I guess I should start here:
I grew up in Philadelphia, PA, not in Center City but definitely in the city enough to call it “the city”. I went to a Catholic school with about 50 or so classmates who all grew up in the same neighborhood. Most of us went to kindergarten together and knew everything about each other.
In 7th grade, my parents told me that I wouldn’t be able to finish my 8th grade year in Philadelphia, because we were moving to Virginia. I was devestated and couldn’t believe that I wouldn’t be able to “graduate” from the 8th grade with all of my friends that I grew up with. We moved to Virginia, and I missed “the North” like crazy. I still do… but I have to say… when I look at how life turned out for all of those people that stayed in Philly, I’m glad that I got away.
Yesterday while searching through dozens of myspace, facebook, and all of those other bloggish things, I found a bunch of people that I went to elementary school with.
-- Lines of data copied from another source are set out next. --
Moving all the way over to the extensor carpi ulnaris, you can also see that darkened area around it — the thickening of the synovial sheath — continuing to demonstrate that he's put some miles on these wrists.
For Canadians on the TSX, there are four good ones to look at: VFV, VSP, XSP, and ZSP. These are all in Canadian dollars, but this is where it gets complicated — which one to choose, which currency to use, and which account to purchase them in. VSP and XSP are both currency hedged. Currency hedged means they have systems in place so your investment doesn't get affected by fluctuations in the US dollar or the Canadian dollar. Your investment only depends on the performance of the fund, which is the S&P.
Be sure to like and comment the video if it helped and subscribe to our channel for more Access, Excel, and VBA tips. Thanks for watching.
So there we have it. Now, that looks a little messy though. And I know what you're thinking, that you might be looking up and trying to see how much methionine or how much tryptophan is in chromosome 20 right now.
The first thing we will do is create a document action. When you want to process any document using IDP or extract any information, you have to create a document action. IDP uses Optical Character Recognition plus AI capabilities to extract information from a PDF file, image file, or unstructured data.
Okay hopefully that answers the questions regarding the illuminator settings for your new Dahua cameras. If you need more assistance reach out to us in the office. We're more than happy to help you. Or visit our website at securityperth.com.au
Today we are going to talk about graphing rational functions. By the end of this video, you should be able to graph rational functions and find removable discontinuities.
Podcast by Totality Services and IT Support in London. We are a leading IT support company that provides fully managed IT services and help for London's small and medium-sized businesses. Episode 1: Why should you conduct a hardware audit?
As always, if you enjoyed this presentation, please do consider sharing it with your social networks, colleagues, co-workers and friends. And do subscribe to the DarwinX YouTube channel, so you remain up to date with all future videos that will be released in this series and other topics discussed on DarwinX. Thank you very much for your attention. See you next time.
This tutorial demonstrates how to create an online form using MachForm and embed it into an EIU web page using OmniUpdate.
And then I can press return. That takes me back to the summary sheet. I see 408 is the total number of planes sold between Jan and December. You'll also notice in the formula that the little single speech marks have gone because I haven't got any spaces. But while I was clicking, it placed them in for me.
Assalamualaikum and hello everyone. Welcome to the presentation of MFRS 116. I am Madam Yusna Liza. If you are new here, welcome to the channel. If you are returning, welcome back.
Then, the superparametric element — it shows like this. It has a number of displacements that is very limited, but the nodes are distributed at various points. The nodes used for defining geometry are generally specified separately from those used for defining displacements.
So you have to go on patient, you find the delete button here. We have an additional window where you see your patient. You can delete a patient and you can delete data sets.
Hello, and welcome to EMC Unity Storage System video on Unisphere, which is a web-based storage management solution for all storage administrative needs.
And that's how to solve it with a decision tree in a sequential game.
I was excited to see what they were up to, what they look like now, and what their life is like now. Rather than finding college graduates, engagements, employees of well-known companies, I found strippers, alcoholics, high school dropouts, illegitimate children, druggies, and other things that make you go Hmm.
Rather than thinking, “Wow. I’m glad I got out of there before I turned into that,” I think, “Holy crap… if I stayed, would I turn into that?” I’d like to think that the foundation of my personality is strong and no matter where I lived, I would’ve been the same; I’m not sure if this is true or not, but I’d like to think that the basis of “Lauren” would have and will always be there, underneath. My family has always been a strong influence on my life, and I know that they wouldn’t let me turn out like the above-mentioned, at least not without a good fight.
I love you, Philadelphia, and I always will. You hold a special place in my heart. But I guess distance makes the heart grow fonder.
It’s just sad to know that my peers didn’t have the chance to get away and see things from a different perspective.
So if you are reading through this blog and you are from a “big city,” I challenge you to become someone to be proud of.